*** Opening Data provided ***

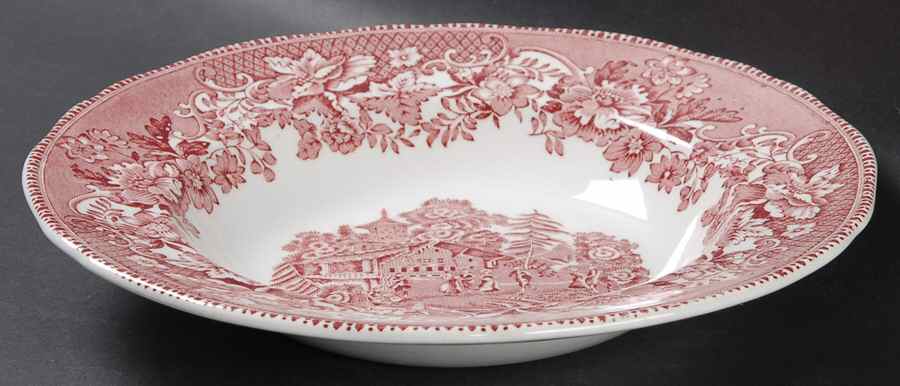 Avon Cottage Pink (Smooth) Large Rim Soup Bowl by Wedgwood-1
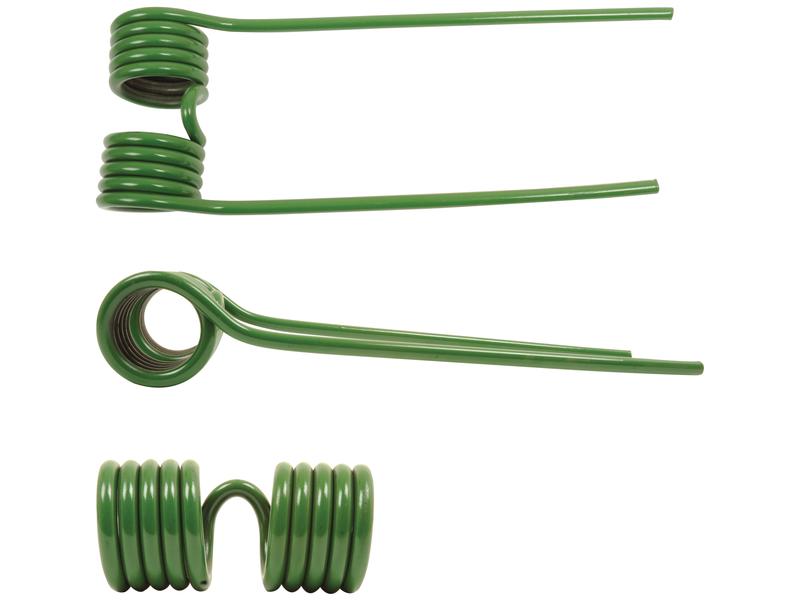Tedder haytine - RH -  Length: 393mm, Width: 131mm, Ø9.5mm - Replacement for Krone Image 1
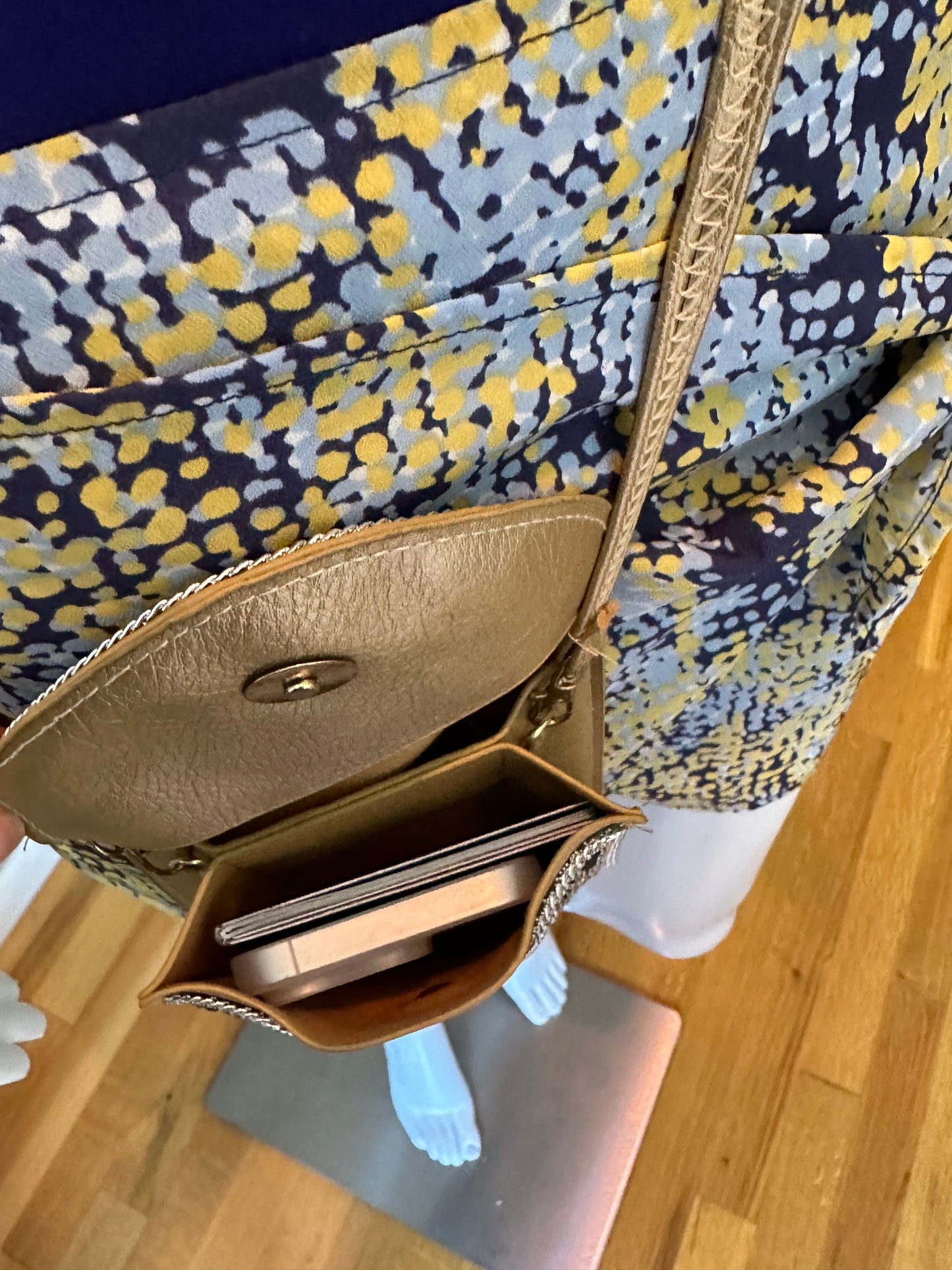 Beaded Design Crossbody Travel Bag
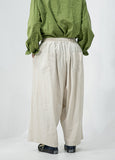 Linen Wide Hakama Easy Pants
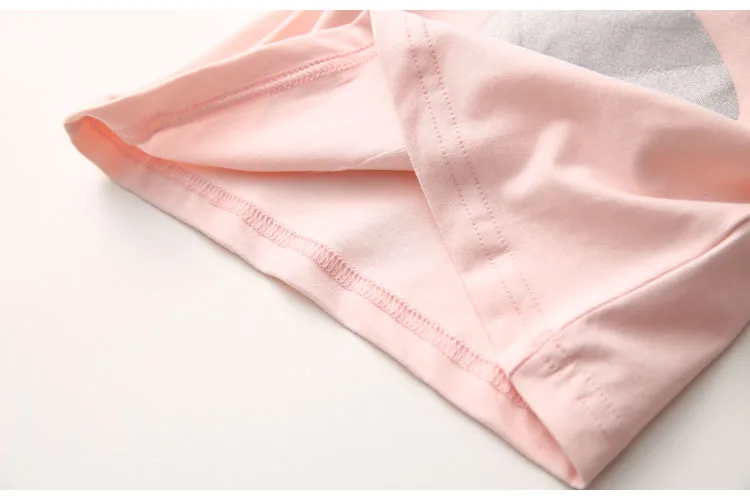 Girls Clothes 2018 Summer 100% Cotton Yellow Pink Solid Color Bow Heart Embroidery Princess Short Sleeve O-Neck Girl T-Shirt (10)
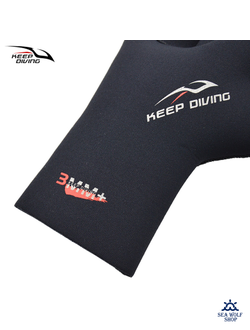 Перчатки неопреновые 3мм Keep Diving плюш р.XL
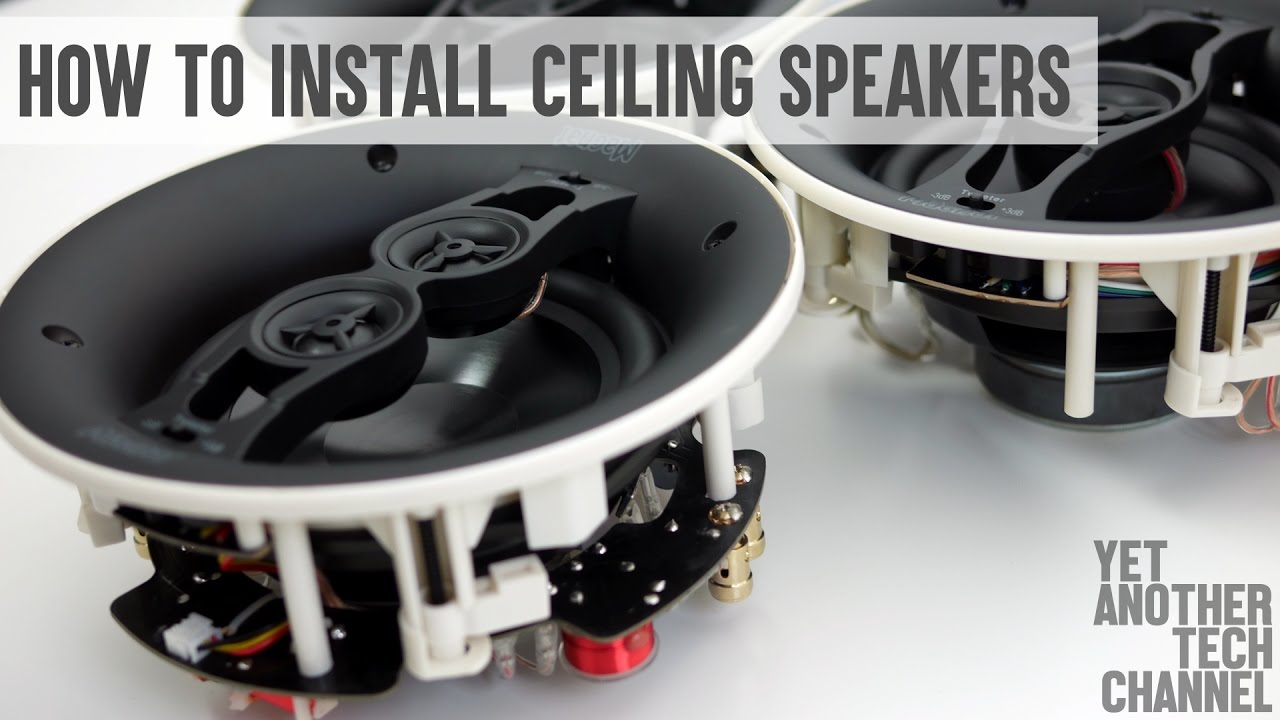 How to install ceiling speakers - Magnat ICQ 62, Magnat ICQ 262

*** Closing Data provided ***

Work instructions
Return the lines exactly, from the one containing "Tedder haytine - RH" through the last line above, including both ends and excluding every picture.

Solution to this task
Tedder haytine - RH -  Length: 393mm, Width: 131mm, Ø9.5mm - Replacement for Krone Image 1
 Beaded Design Crossbody Travel Bag
 Linen Wide Hakama Easy Pants
 Girls Clothes 2018 Summer 100% Cotton Yellow Pink Solid Color Bow Heart Embroidery Princess Short Sleeve O-Neck Girl T-Shirt (10)
 Перчатки неопреновые 3мм Keep Diving плюш р.XL
 How to install ceiling speakers - Magnat ICQ 62, Magnat ICQ 262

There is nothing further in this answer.